Tool change reduction for multicolor fused filament fabrication through interlayer tool clustering implemented in PrusaSlicer

Abstract

Purpose Presently in multicolor fused filament-based three-dimensional (3-D) printing, significant amounts of waste material are produced through nozzle priming and purging each time a change from one color to another occurs. G-code generating slicing software typically changes the material on each layer resulting in wipe towers with greater mass than the target object. The purpose of this study is to provide an alternative fabrication approach based on interlayer tool clustering (ITC) for the first time, which reduces the number of tool changes and is compatible with any commercial 3-D printer without the need for hardware modifications.

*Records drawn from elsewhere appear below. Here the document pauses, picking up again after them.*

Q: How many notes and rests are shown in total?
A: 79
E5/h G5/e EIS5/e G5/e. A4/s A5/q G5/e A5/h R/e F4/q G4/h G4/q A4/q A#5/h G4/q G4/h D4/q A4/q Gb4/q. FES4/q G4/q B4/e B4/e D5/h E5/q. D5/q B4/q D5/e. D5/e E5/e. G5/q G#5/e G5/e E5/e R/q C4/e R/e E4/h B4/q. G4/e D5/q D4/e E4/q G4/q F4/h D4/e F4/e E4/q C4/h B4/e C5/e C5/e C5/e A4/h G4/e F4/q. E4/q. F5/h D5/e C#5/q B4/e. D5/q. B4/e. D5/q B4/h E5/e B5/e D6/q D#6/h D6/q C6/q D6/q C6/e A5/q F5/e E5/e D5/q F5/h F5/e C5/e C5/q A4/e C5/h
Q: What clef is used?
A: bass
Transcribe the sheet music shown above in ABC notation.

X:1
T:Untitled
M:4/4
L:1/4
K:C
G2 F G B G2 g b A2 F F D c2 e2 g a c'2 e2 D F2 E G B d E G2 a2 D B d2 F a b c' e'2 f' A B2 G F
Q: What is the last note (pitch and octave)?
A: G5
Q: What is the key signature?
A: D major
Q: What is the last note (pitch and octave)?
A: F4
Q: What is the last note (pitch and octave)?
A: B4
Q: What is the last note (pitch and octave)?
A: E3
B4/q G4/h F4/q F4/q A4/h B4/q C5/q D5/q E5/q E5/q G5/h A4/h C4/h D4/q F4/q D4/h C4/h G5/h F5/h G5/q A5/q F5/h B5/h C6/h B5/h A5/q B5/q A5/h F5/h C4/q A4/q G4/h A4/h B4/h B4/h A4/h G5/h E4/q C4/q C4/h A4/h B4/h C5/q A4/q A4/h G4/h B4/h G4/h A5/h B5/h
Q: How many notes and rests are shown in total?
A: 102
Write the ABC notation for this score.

Design/methodology/approach The authors have developed an open-source PrusaSlicer upgrade, compatible with Slic3r-based software, which uses the described algorithm to generate g-code toolpath and print experimental objects. The theoretical time, material and energy savings are calculated and validated to evaluate the proposed fabrication method qualitatively and quantitatively. Findings The experimental results show the novel ITC method can significantly increase the efficiency of multimaterial printing, with an average 1.7-fold reduction in material use, and an average 1.4-fold reduction in both time and 3-D printing energy use. In addition, this approach reduces the likelihood of technical failures in the manufacturing of the entire part by reducing the number of tool changes, or material transitions, on average by 2.4 times. Originality/value The obtained results support distributed recycling and additive manufacturing, which has both environmental and economic benefits and increasing the number of colors in a 3-D print increases manufacturing savings.